* WORK INSTRUCTIONS *
Pictures aside, please retype the whole listing word for word.

(DATA SECTION begins)

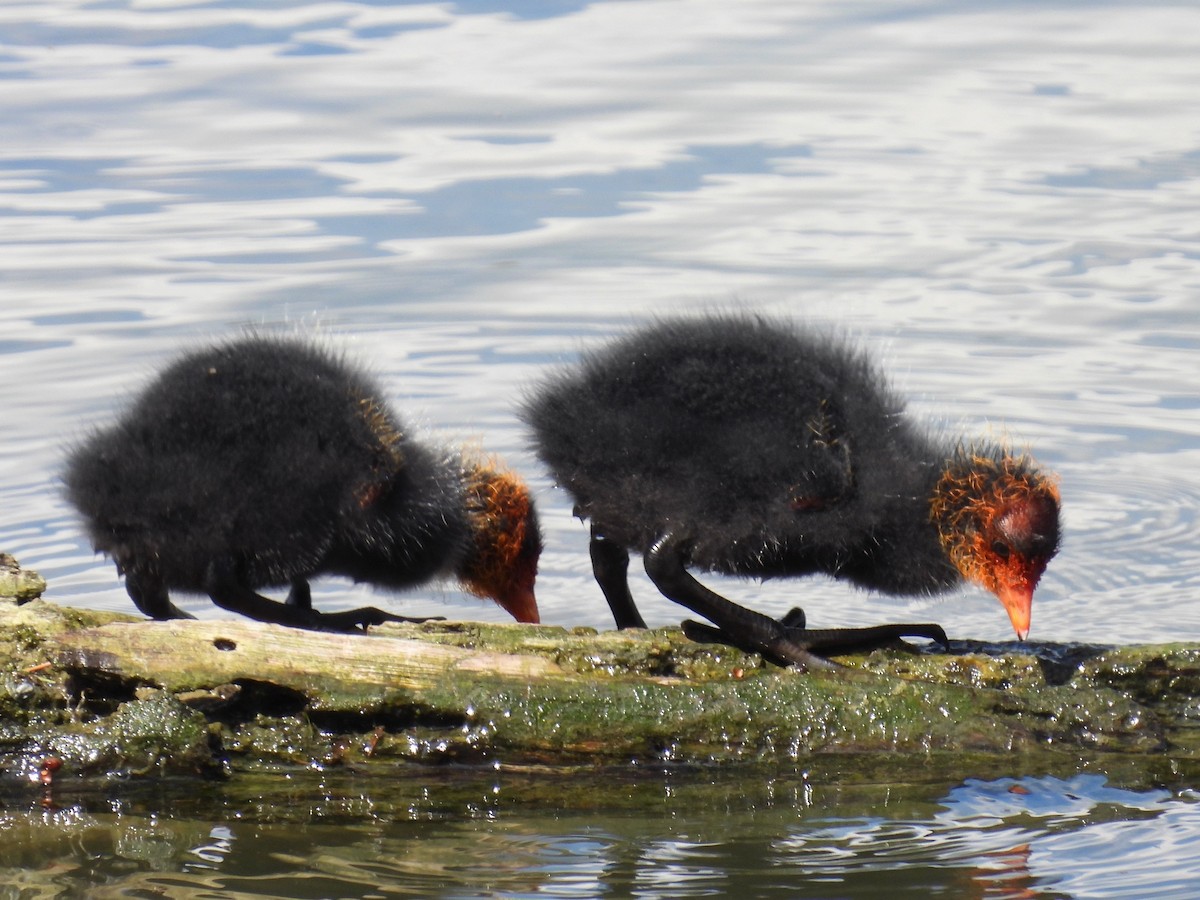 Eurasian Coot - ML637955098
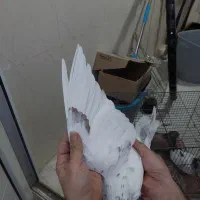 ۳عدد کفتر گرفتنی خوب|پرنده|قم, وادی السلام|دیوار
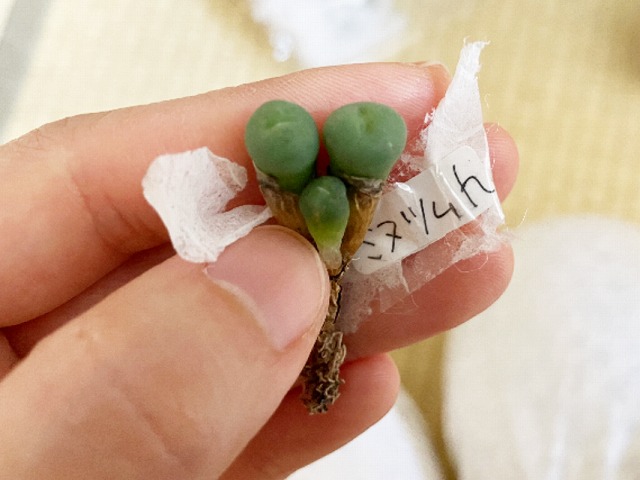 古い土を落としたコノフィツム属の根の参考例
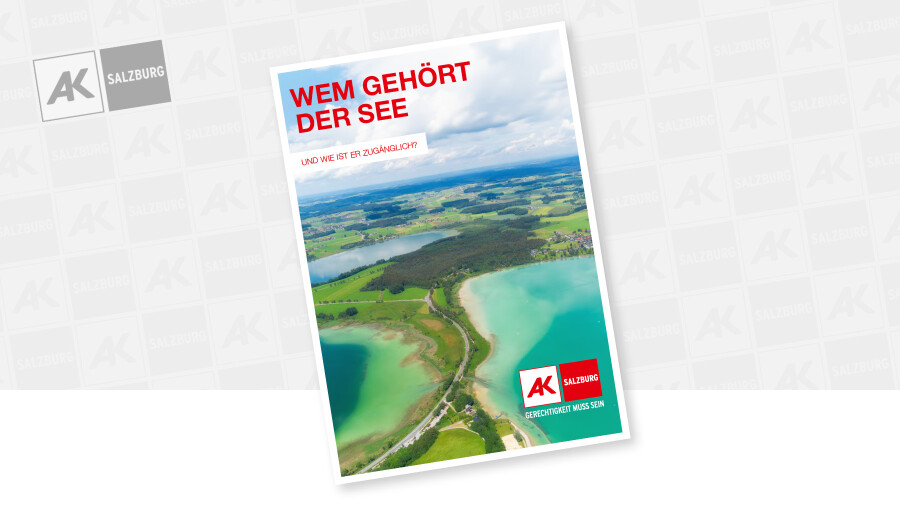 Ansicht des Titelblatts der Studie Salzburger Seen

(DATA SECTION ends)

* FINAL ANSWER *
 Eurasian Coot - ML637955098
 ۳عدد کفتر گرفتنی خوب|پرنده|قم, وادی السلام|دیوار
 古い土を落としたコノフィツム属の根の参考例
 Ansicht des Titelblatts der Studie Salzburger Seen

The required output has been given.